Je prends le temps le matin pour faire sécher toute mes affaires .En quittant mon campement je lance un dernier regard derrière moi aux montagnes qui s'éloignent. Je quitte les prémices de la chaîne himalayenne. Je retrouve ainsi les steppes plates et immenses du Kazakhstan et avec elles l'odeur de l'armoise qui s'en échappe. Une fois de plus j'attendrai la fin d'après midi pour reprendre la route la chaleur étant difficilement supportable. Mais le vent a forci et me chasse sur le coté, je peine à garder mon vélo en équilibre. Les locaux n'hésitent pas à me saluer sur leur passage, je retrouve dans cette région une certaine sympathie pour les voyageurs. Parfois, certains attendent le dernier moment pour me lancer un coup de klaxon, de quoi me faire bondir sur ma selle et me crisper sur mon guidon. Une nouvelle journée qui se termine une fois de plus près d'une rivière dont les abords d'herbe courte m'invitent pour la nuit. C'est une de mes dernières soirées en Asie centrale et je profite de la soirée après un bain dans le cours d'eau. Rapidement les ombres émanent du sol s'étire pour marque la fin de la journée. Une fine lune sort de l'horizon une fois le soleil couché.

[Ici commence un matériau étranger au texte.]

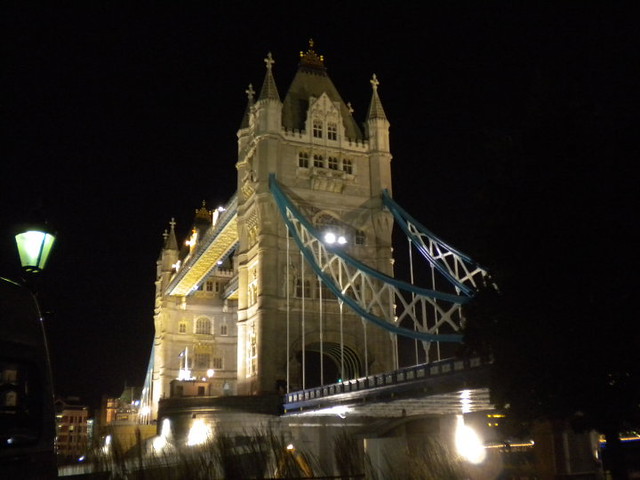 Tower Bridge de noche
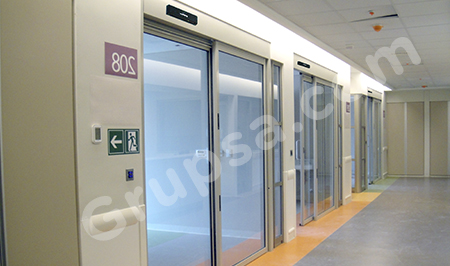 Panel system for modular operating theatres
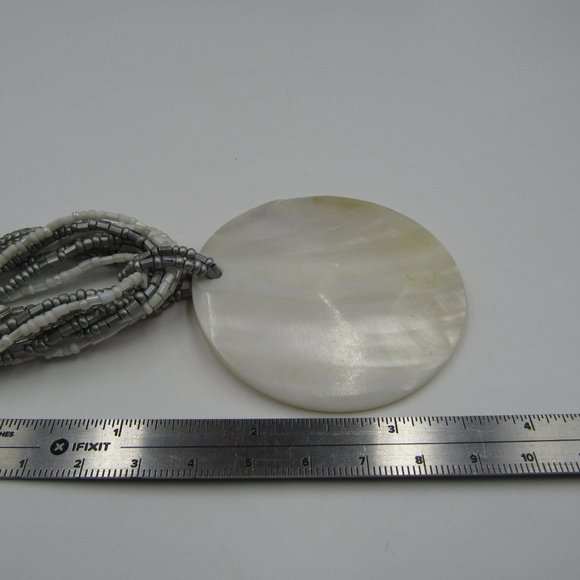 21" Beaded White Shell Pendant Necklace Vintage - Picture 3 of 4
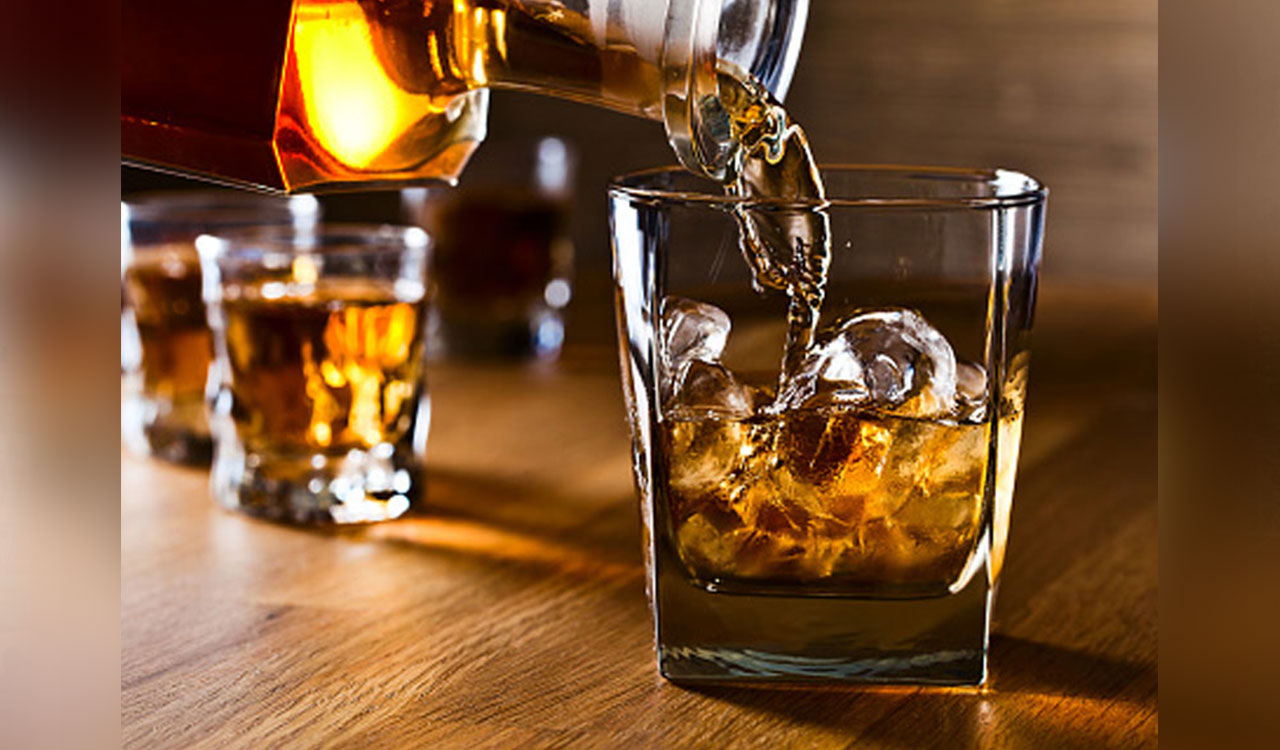 Liquor gets costlier in Telangana; Cash-strapped Govt restores special excise cess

Le lendemain de jeunes kazakhs s'arrêtent à ma hauteur pour me demander un selfie. Je prends la pause en échange d'eau pour ma journée. J'atteins rapidement la route principale qui me mènera en Chine. C'est une belle autoroute assez déserte, je ne suis pas embêté par la circulation et je roule paisiblement jusque Zharkent où je fais étape. Je profite d'un jour de repos (plus pour remettre d'une gueule de bois que de mes exploits sportifs) chez Ilyas et Asset qui m’accueillent dans un appartement de fonction qu'il occupent lorsqu'ils sont de passage. Ils sont tous deux associés dans une boîte qui gère de l'import-export en Asie centrale, qui reste un carrefour commercial conséquent. Ils sont passionnés d'histoire et me content l'histoire de leur pays et de leurs racines.
La frontière avec l'empire du milieu n'est désormais qu'à quelques kilomètres et elle marquera la fin de mon périple en Asie centrale. une page se tourne et une nouvelle s’apprête à être écrite.

Une autoroute pour moi tout seul me permet de rendre plus agréable ces portions un peu fastidieuses.